#### Task statement:
Determine how many lines in the entries below contain "Central", and output that number alone.

#### Stored data:
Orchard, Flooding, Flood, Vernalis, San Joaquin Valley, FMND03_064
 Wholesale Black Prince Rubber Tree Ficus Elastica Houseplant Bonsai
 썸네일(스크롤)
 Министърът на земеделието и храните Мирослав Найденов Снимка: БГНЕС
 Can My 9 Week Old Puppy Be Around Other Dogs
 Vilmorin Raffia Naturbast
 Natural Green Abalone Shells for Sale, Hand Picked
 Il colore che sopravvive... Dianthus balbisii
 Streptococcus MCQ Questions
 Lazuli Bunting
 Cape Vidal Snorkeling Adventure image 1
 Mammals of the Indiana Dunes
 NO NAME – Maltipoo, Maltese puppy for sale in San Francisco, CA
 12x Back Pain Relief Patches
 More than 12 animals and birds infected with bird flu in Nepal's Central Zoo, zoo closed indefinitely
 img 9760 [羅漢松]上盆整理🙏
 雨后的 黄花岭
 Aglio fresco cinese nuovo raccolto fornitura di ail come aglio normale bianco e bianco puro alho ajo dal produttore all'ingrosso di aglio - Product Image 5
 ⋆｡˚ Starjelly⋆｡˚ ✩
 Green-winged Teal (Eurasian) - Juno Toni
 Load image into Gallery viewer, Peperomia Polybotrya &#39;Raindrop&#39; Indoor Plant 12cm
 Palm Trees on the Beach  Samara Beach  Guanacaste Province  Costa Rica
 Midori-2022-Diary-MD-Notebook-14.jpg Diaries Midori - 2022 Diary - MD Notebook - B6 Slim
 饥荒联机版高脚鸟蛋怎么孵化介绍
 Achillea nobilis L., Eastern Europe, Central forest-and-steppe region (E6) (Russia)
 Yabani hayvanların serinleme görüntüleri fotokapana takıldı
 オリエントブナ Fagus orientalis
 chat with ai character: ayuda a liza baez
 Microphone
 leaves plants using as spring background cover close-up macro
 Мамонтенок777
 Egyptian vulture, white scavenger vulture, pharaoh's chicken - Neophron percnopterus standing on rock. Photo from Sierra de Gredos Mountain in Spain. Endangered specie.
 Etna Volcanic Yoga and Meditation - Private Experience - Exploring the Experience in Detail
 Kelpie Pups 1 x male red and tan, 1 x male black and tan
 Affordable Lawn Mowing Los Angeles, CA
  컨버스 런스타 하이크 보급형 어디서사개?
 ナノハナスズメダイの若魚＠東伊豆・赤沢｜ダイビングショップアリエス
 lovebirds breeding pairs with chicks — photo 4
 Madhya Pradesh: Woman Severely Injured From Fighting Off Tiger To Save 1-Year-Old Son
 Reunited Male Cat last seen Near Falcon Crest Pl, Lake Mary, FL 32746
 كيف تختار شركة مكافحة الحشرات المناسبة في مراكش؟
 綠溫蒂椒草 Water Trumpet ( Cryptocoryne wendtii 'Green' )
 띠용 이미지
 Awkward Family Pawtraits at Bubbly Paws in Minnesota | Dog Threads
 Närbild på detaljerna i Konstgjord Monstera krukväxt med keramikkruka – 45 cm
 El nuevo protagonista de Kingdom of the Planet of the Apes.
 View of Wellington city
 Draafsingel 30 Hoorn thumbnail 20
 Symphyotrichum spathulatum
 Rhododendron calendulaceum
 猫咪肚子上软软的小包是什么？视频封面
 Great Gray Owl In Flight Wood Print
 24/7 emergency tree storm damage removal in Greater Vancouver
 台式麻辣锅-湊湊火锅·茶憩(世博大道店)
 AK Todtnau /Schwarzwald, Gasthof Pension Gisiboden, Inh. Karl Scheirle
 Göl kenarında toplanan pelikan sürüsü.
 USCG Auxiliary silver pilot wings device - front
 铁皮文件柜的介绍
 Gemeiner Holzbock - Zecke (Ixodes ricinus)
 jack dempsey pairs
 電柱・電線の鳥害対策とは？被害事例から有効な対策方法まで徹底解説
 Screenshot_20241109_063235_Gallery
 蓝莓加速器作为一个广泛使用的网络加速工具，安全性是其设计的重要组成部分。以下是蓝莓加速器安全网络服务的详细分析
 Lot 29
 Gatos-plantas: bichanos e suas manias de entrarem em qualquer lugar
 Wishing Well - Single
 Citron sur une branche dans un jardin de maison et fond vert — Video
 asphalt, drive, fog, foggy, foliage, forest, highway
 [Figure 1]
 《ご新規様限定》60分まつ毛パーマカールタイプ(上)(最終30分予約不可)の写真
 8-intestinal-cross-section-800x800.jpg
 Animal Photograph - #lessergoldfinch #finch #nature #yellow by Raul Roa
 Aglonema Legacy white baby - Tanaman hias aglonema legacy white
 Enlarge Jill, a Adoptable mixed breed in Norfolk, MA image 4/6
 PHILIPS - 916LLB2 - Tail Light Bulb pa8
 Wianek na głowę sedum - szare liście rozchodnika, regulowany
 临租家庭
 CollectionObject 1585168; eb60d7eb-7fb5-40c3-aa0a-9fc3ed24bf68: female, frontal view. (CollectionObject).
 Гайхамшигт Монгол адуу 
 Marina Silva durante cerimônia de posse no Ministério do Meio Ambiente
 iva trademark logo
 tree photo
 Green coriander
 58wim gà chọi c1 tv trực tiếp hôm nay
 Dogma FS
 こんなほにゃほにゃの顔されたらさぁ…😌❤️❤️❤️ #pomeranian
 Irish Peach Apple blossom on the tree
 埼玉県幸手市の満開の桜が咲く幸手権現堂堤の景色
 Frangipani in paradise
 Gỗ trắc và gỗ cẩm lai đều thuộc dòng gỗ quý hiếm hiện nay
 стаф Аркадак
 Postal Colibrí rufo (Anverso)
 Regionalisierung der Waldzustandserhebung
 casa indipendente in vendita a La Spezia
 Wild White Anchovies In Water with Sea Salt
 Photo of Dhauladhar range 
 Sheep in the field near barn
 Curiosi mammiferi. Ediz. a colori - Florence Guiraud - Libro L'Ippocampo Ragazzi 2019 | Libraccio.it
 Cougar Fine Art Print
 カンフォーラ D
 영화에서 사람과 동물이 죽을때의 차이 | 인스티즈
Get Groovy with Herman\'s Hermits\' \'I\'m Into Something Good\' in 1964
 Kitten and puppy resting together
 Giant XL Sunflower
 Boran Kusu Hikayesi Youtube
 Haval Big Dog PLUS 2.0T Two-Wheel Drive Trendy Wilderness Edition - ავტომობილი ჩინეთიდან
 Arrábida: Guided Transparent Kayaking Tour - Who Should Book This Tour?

#### Solved exercise:
2